Here’s a big CNN article about how Governor Bill Richardson is going to decide in the next few days whether or not to posthumously pardon Billy The Kid. Since Billy the Kid has been dead for 129 years, it makes you wonder who on Earth cares in the first place, but I can tell you three people who do – me, opportunistic New Mexico defense attorney Randi McGinn, and Pat Garrett’s grandson J.P Garrett.
It’s really simple as far as I’m concerned. I’ve refined my thinking into three specific reasons why Billy the Kid should not be pardoned, all because Richardson is one of my favorite politicians and I don’t see why he should have to spend his time on this topic when I’ve already got it figured out for him.
Reason #1: Billy the Kid is a badass of historical proportions.
Just look at this extremely rare, actual, full-color photograph of him:
And if you pardon him then he’s just some dude. It may be true – as archived letters and documents apparently show – that he made an agreement with then-Governor Lew Wallace in which Billy agreed to testify in another federal court case in exchange for the pardon, and that he held up his end but then Wallace never pardoned him.
And it’s also apparently true that Billy the Kid once sent a letter to Wallace, asking him to honor the agreement – so it seems like when he was alive, a pardon was what he wanted, too.
But that was just so he could ride his horsie around without everyone in the country chasing him around trying to shoot him. It wasn’t because he wanted his name cleared for posterity. It was for logistics and convenience, clearly. And now that he’s not riding horsies around anymore, his near mythical notoriety is all that he has left.
See, if we pardon him, then he’s very likely to get angry and blast out of Hell to exact a horrible vengeance on us all, for de-sullying his bad name. For the love of God – think, people, THINK.
It’s like some folks have never seen a demonic cowboy zombie movie before.
Reason #2: It was an attorney’s idea.
I don’t like the idea is that a defense attorney pretty obviously thought of it as a way to get into a big CNN article. She’s claiming that he’s owed a pardon because 129 years ago, Lew Wallace extra super promised him and then didn’t do it. Time we made good on that promise, she says.
And then it’ll be time she writes a book about it and makes three and a half million dollars, I say.
It’s interesting, isn’t it? That McGinn is so morally outraged by a (possible) broken promise from 129 years ago, and somehow that trumps all the moral outrage that she most certainly trips over every time she sets foot in an Albuquerquee courthouse?
I am not interested in “clearing” Billy the Kid’s name for the professional benefit of a defense attorney. I know she’s working for free – how about you offer your free services to some living Americans who desperately need it, McGinn? I know they won’t let you write a book for that or put you in any CNN articles, but on the plus side, I won’t feel like barfing anymore.
Reason #3: Pat Garrett’s grandson doesn’t want him pardoned.
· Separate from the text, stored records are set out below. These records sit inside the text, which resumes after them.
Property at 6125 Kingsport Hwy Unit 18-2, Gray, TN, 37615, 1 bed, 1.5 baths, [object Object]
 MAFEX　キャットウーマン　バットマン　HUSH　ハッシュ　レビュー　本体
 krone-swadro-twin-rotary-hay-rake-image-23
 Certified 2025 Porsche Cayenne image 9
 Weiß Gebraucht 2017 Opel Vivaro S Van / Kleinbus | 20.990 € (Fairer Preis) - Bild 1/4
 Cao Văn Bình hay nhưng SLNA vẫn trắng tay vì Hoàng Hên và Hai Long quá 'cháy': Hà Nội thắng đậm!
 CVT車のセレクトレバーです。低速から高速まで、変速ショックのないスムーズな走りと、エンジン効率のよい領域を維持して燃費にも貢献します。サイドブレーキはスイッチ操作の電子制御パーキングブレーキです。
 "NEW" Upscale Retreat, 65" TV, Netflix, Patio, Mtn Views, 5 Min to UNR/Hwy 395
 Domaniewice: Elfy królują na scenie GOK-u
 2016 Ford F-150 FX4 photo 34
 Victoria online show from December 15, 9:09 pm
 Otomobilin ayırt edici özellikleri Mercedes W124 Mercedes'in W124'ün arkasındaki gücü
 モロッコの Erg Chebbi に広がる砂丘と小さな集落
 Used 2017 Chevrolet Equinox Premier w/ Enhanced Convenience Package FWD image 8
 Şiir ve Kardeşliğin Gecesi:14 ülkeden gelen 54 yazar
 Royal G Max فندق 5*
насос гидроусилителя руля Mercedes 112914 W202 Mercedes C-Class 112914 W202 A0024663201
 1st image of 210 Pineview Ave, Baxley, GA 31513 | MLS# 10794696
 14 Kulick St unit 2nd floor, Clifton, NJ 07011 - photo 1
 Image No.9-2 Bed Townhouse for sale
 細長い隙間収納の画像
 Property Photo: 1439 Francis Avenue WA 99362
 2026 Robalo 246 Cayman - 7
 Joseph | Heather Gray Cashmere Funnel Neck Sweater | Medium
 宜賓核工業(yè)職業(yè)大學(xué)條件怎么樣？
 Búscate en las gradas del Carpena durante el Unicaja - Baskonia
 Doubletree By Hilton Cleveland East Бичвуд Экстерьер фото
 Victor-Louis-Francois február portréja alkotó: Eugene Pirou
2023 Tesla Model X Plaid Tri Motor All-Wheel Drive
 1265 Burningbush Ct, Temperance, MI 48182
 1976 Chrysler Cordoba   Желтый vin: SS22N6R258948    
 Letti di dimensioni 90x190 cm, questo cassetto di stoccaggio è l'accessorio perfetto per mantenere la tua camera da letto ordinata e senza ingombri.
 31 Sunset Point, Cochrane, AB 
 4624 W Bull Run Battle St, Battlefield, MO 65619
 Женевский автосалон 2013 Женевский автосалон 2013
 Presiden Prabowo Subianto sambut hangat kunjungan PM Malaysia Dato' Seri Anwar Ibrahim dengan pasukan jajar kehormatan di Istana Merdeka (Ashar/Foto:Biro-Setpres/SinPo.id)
I had no idea that Pat Garrett’s grandson was alive, but my guess is, he’s kind of a badass. I don’t want any trouble with Pat Garrett’s grandson. If there are two sides and Pat Garrett’s grandson is on one of them, then that’s the side I’m on. Especially if the question is silly and pointless and a waste of anyone’s time who isn’t a blogger, or Pat Garrett’s grandson.
And part of this reason is of course also that, speaking of vengeful ghosts, the last thing we want to deal with is Billy the Kid’s vengeful ghost and Pat Garrett’s vengeful ghost at the same time. It seems like the current legal designation of the events of 129 years ago have been working just fine all these years.
If it isn’t broke, and there are currently no vengeful ghosts haunting us, then don’t try to fix it.
Now I know that Pat Garrett is often portrayed as something of a coward, for shooting Billy the Kid in the back, in the dark. So you might think that’s relevant, when considering the opinion of Garrett’s grandson.
Well I don’t know if Garrett shot the Kid in the back or not, and neither do you – but you can bet your ass that’s where I would have shot him.
History and legend and Emilio Estevez all have different ideas about how many people Billy killed. It’s either nine or twenty-one or 300-ish. Whichever one it is, those were all guys who tried to shoot Billy the Kid in the front.
See why J.P. Garrett was even able to be born? Let’s all climb down out of Pat Garrett’s butt, he was only after one of the toughest men in history. He probably didn’t feel like fair was the way to play it.
Also, J.P. Garrett is concerned that pardoning Billy the Kid would mean that his grandpappy shot an innocent man. I’m dead serious here – would you all please stop trying to make Pat Garrett’s grandson angry?
I’m on your side, Mr. Garrett – the Old West was just fine without the ACLU ziplining in and sissying the place up. The cards were dealt 129 years ago, and let’s all please quit trying to pretty them up.
And as for you, Emilio Estevez – get to work on Young Guns IV. You don’t look busy.